Bulawayo is a powerful writer. There's a steel and a poetry to her writing that marks her as one of the up-and-coming writers of this generation. We Need New Names is her debut novel based on her Caine award-winning short story "Hitting Budapest." The novel does feel more like a connected collection of shorts instead of one cohesive story.
In fact, there's a lot of whiplash. One moment we are watching the funeral in the makeshift Paradise cemetery and then we're in America in "Destroyedmichygen." And here's where the book faltered for me. Her prose really sang when she wrote about Darling's life in Paradise. But when we get to America, we see Darling and her friends watching violent porn in the basement and the transition severs our connection to the story. Who is Darling now? What are her hopes and dreams and feelings? Within the roaming pack of children, we understand her. But when she is alone and separated from the group and her place, she becomes a ghost.

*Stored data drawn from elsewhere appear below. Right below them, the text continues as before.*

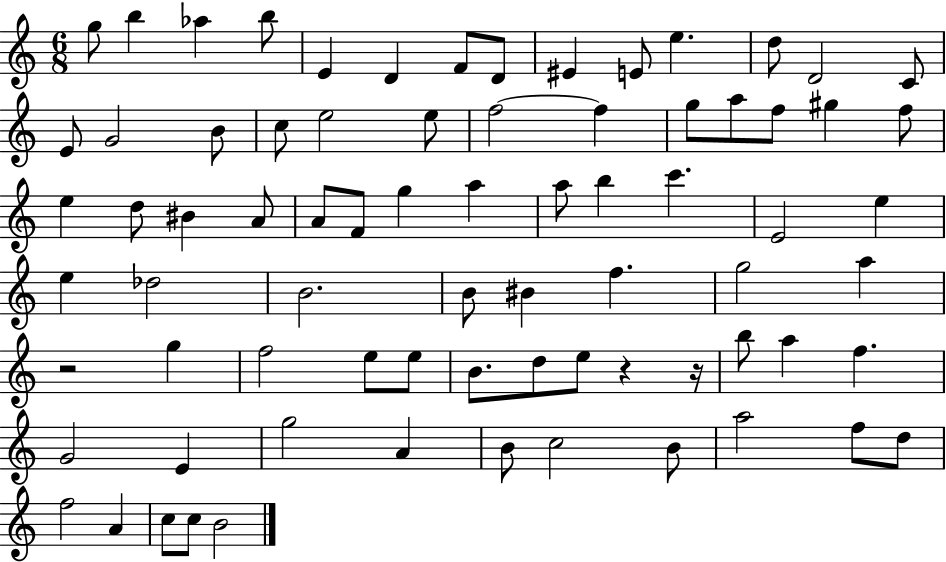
X:1
T:Untitled
M:6/8
L:1/4
K:C
g/2 b _a b/2 E D F/2 D/2 ^E E/2 e d/2 D2 C/2 E/2 G2 B/2 c/2 e2 e/2 f2 f g/2 a/2 f/2 ^g f/2 e d/2 ^B A/2 A/2 F/2 g a a/2 b c' E2 e e _d2 B2 B/2 ^B f g2 a z2 g f2 e/2 e/2 B/2 d/2 e/2 z z/4 b/2 a f G2 E g2 A B/2 c2 B/2 a2 f/2 d/2 f2 A c/2 c/2 B2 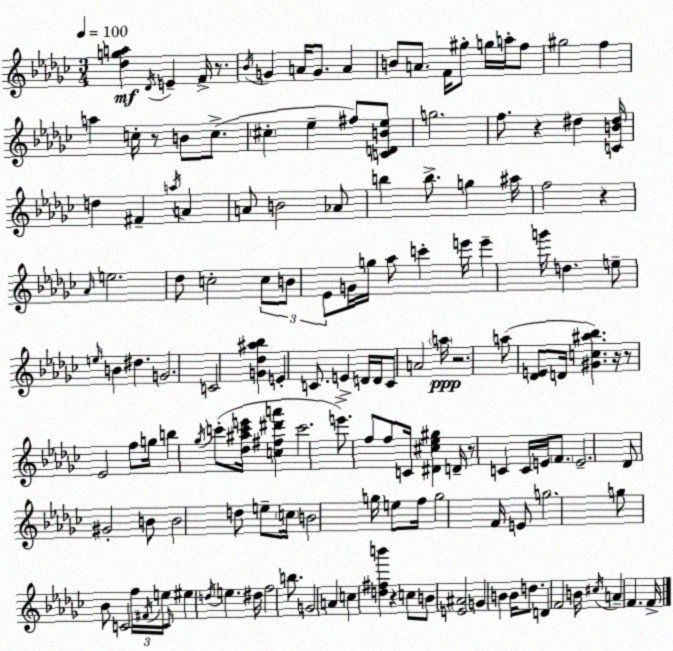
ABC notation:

X:1
T:Untitled
M:3/4
L:1/4
K:Ebm
[_dga] _D/4 E F/4 z/2 _B/4 G A/4 G/2 A B/2 A/2 F/4 ^g/2 g/4 a/4 f/2 ^g2 f a c/4 z/2 B/2 c/2 ^c _e ^f/2 [CDB_e]/2 g2 f/2 z ^d [CB^d]/4 d ^F a/4 A A/2 B2 _A/2 b b/2 g ^a/4 f2 z _A/4 e2 _d/2 c2 c/2 B/2 _E/2 G/4 g/4 _a/2 c' e'/4 e' g'/4 d e/2 e/4 B ^d G2 C2 [G_d^a_b] E C/2 E D/4 D/4 C/2 A2 a/4 z2 a/2 [_DE]/2 D/4 [^Gc^a_b] z/4 z/2 _E2 f/2 g/4 b _g/4 c'/2 [_d^ac'e']/4 [c^f^d'a'] c'2 e'/2 f/2 f/2 C/4 [^D^c_e^g] D/4 z/2 C C/4 E/4 F/2 E2 _D/2 ^G2 B/2 B2 d/2 e/2 c/4 B2 g/4 e/2 f/4 g2 F/4 E/2 g2 g/2 _B/2 C2 f/4 ^F/4 e/4 C/4 ^e d/4 e ^d/4 f2 b/2 G2 A c [d^fb'] z c/2 B/2 [E^A]2 G B B/4 d/2 D F2 B/4 ^c/4 A F F/4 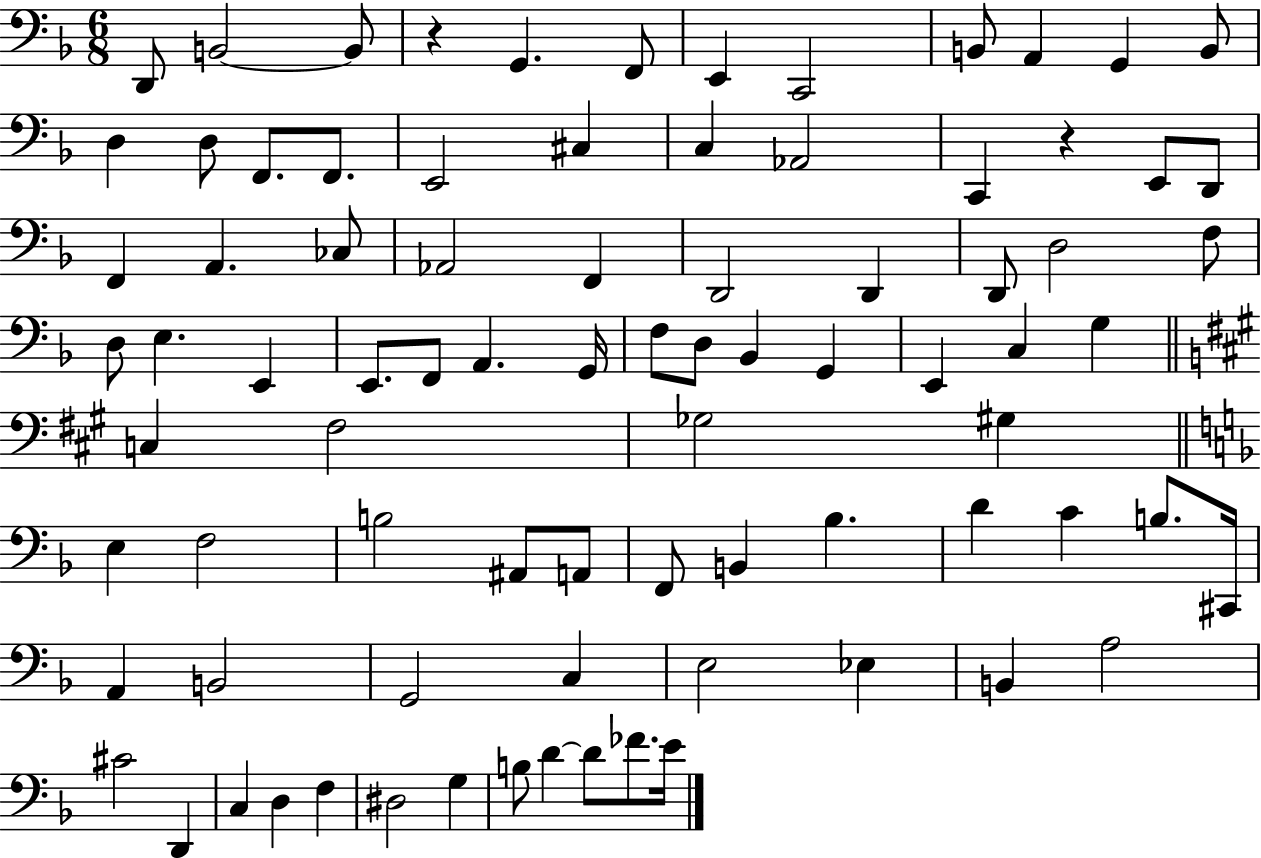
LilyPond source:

{
  \clef bass
  \numericTimeSignature
  \time 6/8
  \key f \major
  \repeat volta 2 { d,8 b,2~~ b,8 | r4 g,4. f,8 | e,4 c,2 | b,8 a,4 g,4 b,8 | \break d4 d8 f,8. f,8. | e,2 cis4 | c4 aes,2 | c,4 r4 e,8 d,8 | \break f,4 a,4. ces8 | aes,2 f,4 | d,2 d,4 | d,8 d2 f8 | \break d8 e4. e,4 | e,8. f,8 a,4. g,16 | f8 d8 bes,4 g,4 | e,4 c4 g4 | \break \bar "||" \break \key a \major c4 fis2 | ges2 gis4 | \bar "||" \break \key f \major e4 f2 | b2 ais,8 a,8 | f,8 b,4 bes4. | d'4 c'4 b8. cis,16 | \break a,4 b,2 | g,2 c4 | e2 ees4 | b,4 a2 | \break cis'2 d,4 | c4 d4 f4 | dis2 g4 | b8 d'4~~ d'8 fes'8. e'16 | \break } \bar "|."
} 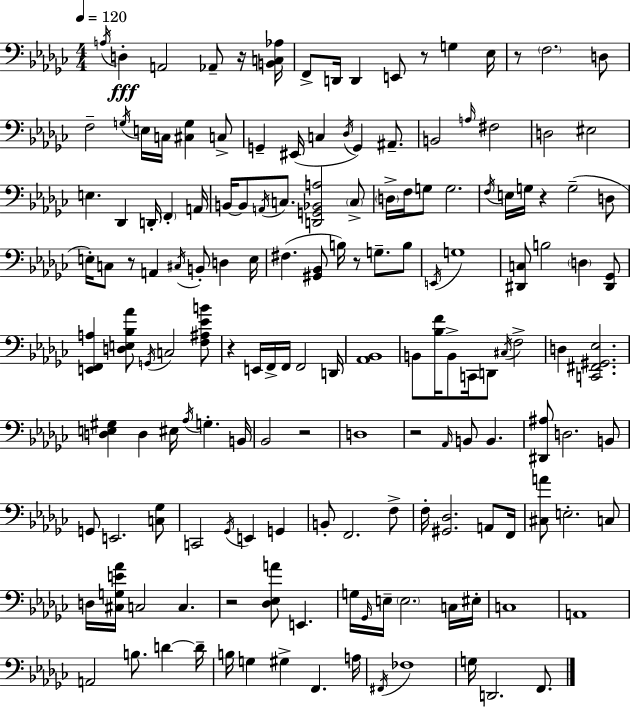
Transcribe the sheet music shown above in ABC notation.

X:1
T:Untitled
M:4/4
L:1/4
K:Ebm
A,/4 D, A,,2 _A,,/2 z/4 [B,,C,_A,]/4 F,,/2 D,,/4 D,, E,,/2 z/2 G, _E,/4 z/2 F,2 D,/2 F,2 G,/4 E,/4 C,/4 [^C,G,] C,/2 G,, ^E,,/4 C, _D,/4 G,, ^A,,/2 B,,2 A,/4 ^F,2 D,2 ^E,2 E, _D,, D,,/4 F,, A,,/4 B,,/4 B,,/2 A,,/4 C,/2 [D,,G,,_B,,A,]2 C,/2 D,/4 F,/4 G,/2 G,2 F,/4 E,/4 G,/4 z G,2 D,/2 E,/4 C,/2 z/2 A,, ^C,/4 B,,/2 D, E,/4 ^F, [^G,,_B,,]/2 B,/4 z/2 G,/2 B,/2 E,,/4 G,4 [^D,,C,]/2 B,2 D, [^D,,_G,,]/2 [E,,F,,A,] [D,E,_B,_A]/2 G,,/4 C,2 [F,^A,_EB]/2 z E,,/4 F,,/4 F,,/4 F,,2 D,,/4 [_A,,_B,,]4 B,,/2 [_B,F]/4 B,,/2 C,,/4 D,,/2 ^C,/4 F,2 D, [C,,^F,,^G,,_E,]2 [D,E,^G,] D, ^E,/4 _A,/4 G, B,,/4 _B,,2 z2 D,4 z2 _A,,/4 B,,/2 B,, [^D,,^A,]/2 D,2 B,,/2 G,,/2 E,,2 [C,_G,]/2 C,,2 _G,,/4 E,, G,, B,,/2 F,,2 F,/2 F,/4 [^G,,_D,]2 A,,/2 F,,/4 [^C,A]/2 E,2 C,/2 D,/4 [^C,G,E_A]/4 C,2 C, z2 [_D,_E,A]/2 E,, G,/4 _G,,/4 E,/4 E,2 C,/4 ^E,/4 C,4 A,,4 A,,2 B,/2 D D/4 B,/4 G, ^G, F,, A,/4 ^F,,/4 _F,4 G,/4 D,,2 F,,/2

Trying to put in the book in context though, this review by Helon Habila really resonated:
I was at a Caine prize seminar a few years back and the discussion was on the state of the new fiction coming out of Africa. One of the panelists, in passing, accused the new writers of "performing Africa" for the world. To perform Africa, the distinguished panellist explained, is to inundate one's writing with images and symbols and allusions that evoke, to borrow a phrase from Aristotle, pity and fear, but not in a real tragic sense, more in a CNN, western-media-coverage-of-Africa, poverty-porn sense. We are talking child soldiers, genocide, child prostitution, female genital mutilation, political violence, police brutality, dictatorships, predatory preachers, dead bodies on the roadside. The result, for the reader, isn't always catharsis, as Aristotle suggested, but its direct opposite: a sort of creeping horror that leads to a desensitization to the reality being represented.And We Need New Names occasionally reads like a checklist of TV Africa: political corruption, inept World Aid, duplicitous clergymen, crushing poverty, orphans, AIDS, incest, child rape, etc. The children are a little too on the nose with their political observations: "Stina said a country is a Coca-Cola bottle that can smash on the floor and disappoint you."
But no one captures the simple wickedness of children better and this book is cruel and cutting in all the right places. Even weeks after finishing the book, I find myself thinking about the contradictions and ugly truths that Bulawayo exposes.
Will definitely be picking up Bulawayo's next book when it comes out. That and about four fluffy cozy mysteries to read afterwards to maintain equilibrium to prevent the post-reading "I am just going to curl up in a quilt under my bed and numbly contemplate the cruelty of mankind."